Ja, es ging darum, sich bezüglich des Lernens und der Methodik in geschlossenen Institutionen auszutauschen. Wie funktioniert das in anderen europäischen Ländern am Ort „Vollzug“? Es waren auch Teilnehmerinnen anwesend, die in Zentren für geflüchtete Menschen arbeiten. Es wurden unterschiedliche Projekte und Formate vorgestellt. Es kamen Menschen aus acht Ländern zusammen, vor allem aus vielen osteuropäische Ländern wie Lettland, Georgien, Litauen, Slowenien, aber auch Italien, Spanien, Belgien und Deutschland waren vertreten. Es fiel auf, dass unser Projekt schon ein Satelliten-Projekt ist; da gab es nichts Vergleichbares. Es gab viel Zuspruch, Ansehen und Bewunderung, weil viele festgestellt haben, dass sie sich in ihren Einrichtungen oder Ländern nicht vorstellen können, so etwas umzusetzen. In den anderen Ländern sind oft ganz andere Themen akut. Es geht zum Beispiel eher darum, dass und wie ein Sprachkurs gut funktionieren kann.
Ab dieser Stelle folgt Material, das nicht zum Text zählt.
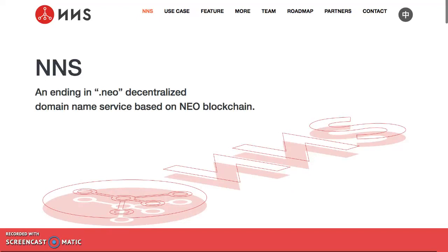Alright, welcome back. Today I'm going to give a more in-depth look at NNS. In the past I've shown a few videos spotlighting NNS, but I never gave you a full in-depth walkthrough of this platform and what's going on. First of all, I got to thank you all for tuning in and subscribing.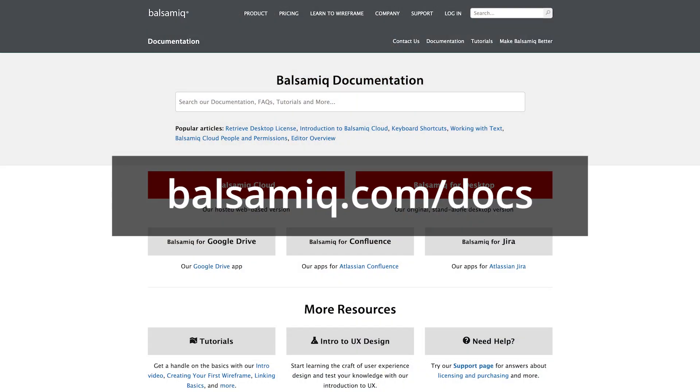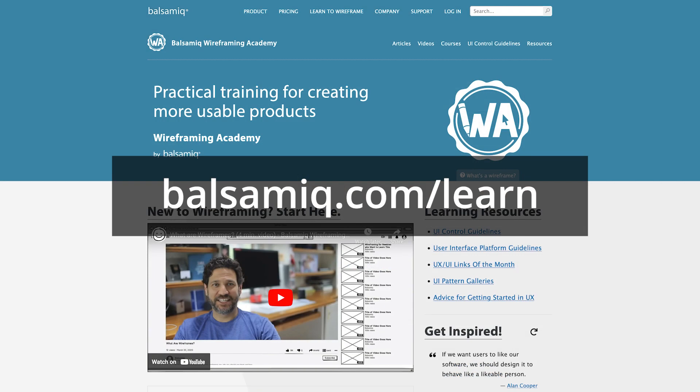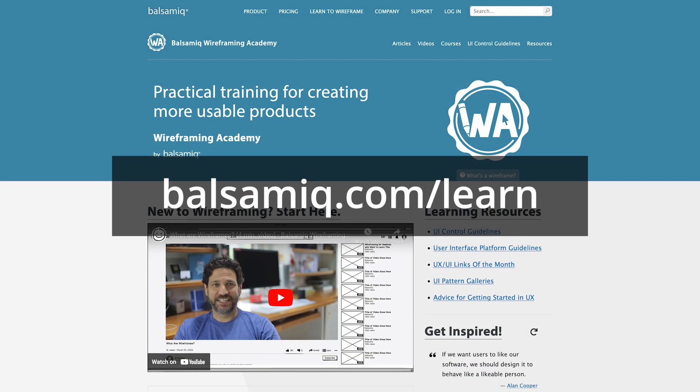Now you all have the basic skills you need. There are a lot of advanced features you can learn to use within Balsamiq as well. I encourage you to look at some of the resources we have on our website, including documentation on how to use advanced features and the Balsamiq Wireframing Academy, which teaches you about lots of different aspects of digital product design.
Also, da geht es dann mehr um sachliche Dinge oder um Wissen, und nicht um Haltung und Sozialkompetenz und Ähnliches?

Nicole Marschner:

Ja, so war mein Eindruck durch die Gespräche. Der Ort, der erst einmal für Schutz, Regelung und Sicherheit sorgt, das war viel mehr Thema für viele. Auch die Seminarleitung, die dieses Format schon öfter angeboten hat, war sehr angetan. Da fiel einfach schon auf, dass unser Projekt nicht nur in Berlin etwas Besonderes ist, sondern auch über die Grenzen hinaus.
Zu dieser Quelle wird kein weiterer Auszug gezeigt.